Le porte-parole du gouvernement palestinien a exprimé l'appréciation de son pays au peuple américain et aux institutions américaines qui soutiennent les droits du peuple palestinien.
Les déclarations de Melhem interviennent en réponse à l'annonce de l'ambassadeur américain en Israël, David Friedman, sur Twitter, que son pays "fournira 5 millions de dollars aux Palestiniens pour les aider à combattre l'épidémie de coronavirus".

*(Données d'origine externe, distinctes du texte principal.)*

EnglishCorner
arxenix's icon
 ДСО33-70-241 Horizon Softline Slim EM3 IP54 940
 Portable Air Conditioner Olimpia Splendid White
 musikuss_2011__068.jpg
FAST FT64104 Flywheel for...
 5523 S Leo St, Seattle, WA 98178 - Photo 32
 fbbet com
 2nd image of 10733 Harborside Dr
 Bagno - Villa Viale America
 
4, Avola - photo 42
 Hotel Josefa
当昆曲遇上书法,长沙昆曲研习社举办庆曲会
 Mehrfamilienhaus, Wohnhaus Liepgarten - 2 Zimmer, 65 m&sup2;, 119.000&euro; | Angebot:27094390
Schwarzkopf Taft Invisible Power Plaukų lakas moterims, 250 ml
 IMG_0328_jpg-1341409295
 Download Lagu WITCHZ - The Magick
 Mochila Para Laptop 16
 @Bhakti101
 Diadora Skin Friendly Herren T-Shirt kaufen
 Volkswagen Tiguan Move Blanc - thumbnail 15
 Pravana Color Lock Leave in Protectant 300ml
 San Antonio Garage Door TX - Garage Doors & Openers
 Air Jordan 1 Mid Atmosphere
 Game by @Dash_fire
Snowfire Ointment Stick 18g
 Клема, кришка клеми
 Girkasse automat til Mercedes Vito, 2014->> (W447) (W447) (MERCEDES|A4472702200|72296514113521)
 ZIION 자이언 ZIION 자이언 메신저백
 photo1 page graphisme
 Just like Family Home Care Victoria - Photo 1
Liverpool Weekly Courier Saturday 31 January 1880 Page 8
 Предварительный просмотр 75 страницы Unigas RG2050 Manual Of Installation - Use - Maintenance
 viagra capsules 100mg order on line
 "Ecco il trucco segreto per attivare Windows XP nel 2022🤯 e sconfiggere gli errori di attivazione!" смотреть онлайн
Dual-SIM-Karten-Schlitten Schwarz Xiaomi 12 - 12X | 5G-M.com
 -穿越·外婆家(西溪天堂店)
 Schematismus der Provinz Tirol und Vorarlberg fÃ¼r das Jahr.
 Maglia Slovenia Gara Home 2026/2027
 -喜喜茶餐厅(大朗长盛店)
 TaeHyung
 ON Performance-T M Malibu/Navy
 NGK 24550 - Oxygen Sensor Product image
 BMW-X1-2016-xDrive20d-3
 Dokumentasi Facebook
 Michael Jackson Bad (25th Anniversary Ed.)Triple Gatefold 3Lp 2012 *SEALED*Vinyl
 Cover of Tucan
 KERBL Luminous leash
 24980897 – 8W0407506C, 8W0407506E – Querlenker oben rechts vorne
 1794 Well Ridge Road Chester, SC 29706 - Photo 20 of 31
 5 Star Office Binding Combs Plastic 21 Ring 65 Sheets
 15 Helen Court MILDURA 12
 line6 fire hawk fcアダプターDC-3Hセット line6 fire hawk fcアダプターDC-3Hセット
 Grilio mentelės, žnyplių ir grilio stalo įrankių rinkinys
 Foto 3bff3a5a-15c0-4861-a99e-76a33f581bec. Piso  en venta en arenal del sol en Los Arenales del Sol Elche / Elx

La Palestine a enregistré, jusqu’à vendredi midi, 307 cas confirmés de Covid-19, en plus de 95 cas non encore confirmés à Jérusalem-Est, en raison des restrictions israéliennes qui ont empêché le ministère palestinien de la santé d’effectuer des tests de dépistage à Jérusalem.
Au cours des deux dernières années, Washington a suspendu son aide aux réfugiés palestiniens, aux hôpitaux de Jérusalem, suspendant également l'aide de plus de 200 millions de dollars allouée à l’Autorité palestinienne, en raison de son refus de reconnaître Jérusalem comme capitale d'Israël et d’accepter la relocalisation de l'ambassade de Washington dans la ville occupée.
Le président américain, Donald Trump, avait annoncé, le 28 janvier, son prétendu plan de paix baptisé "accord du siècle", qui comprend la création d'un État palestinien sous la forme d'un archipel relié par des ponts et des tunnels, et qui fait de la ville de Jérusalem la "capitale indivisible d’Israël".
Ledit accord, qui prévoit également la soumission de la vallée du Jourdain au contrôle de Tel Aviv, a été rejeté par la Turquie, par la plupart des capitales arabes, ainsi que par la communauté internationale.